Given information |
|---|

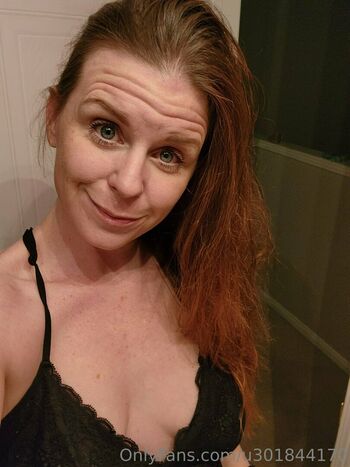 sweet_marie_420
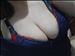 16時半からですm(_ _)m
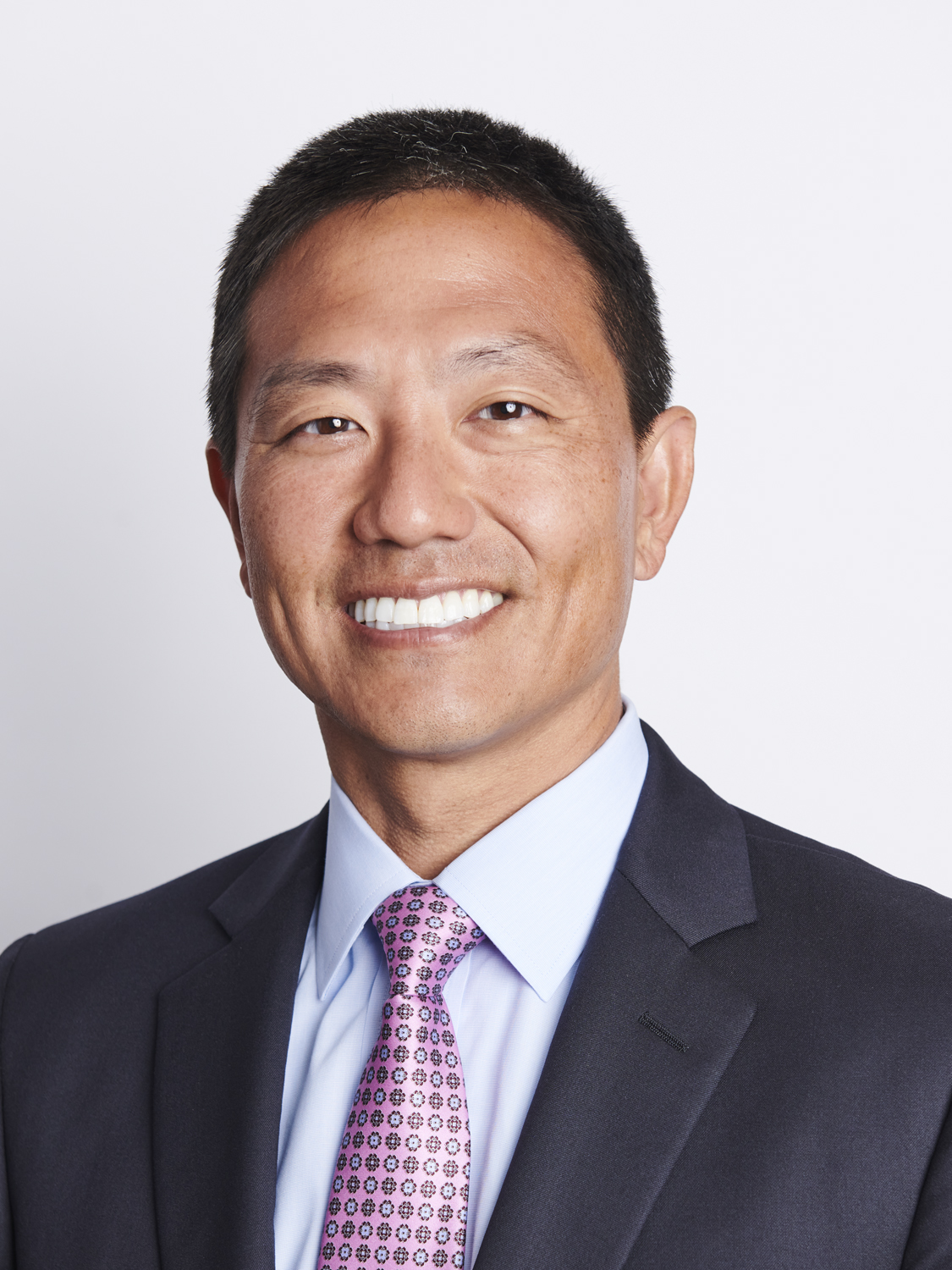 Walzer Melcher LLP Calabasas, CA Office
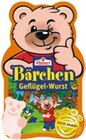 Bärchen-Wurst spezialität bei Kaufland im Flensburg Prospekt für 1,49 €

|---|

Problem | What is needed is an exact copy of the data, without any pictures.

Problem solution |
 sweet_marie_420
 16時半からですm(_ _)m
 Walzer Melcher LLP Calabasas, CA Office
 Bärchen-Wurst spezialität bei Kaufland im Flensburg Prospekt für 1,49 €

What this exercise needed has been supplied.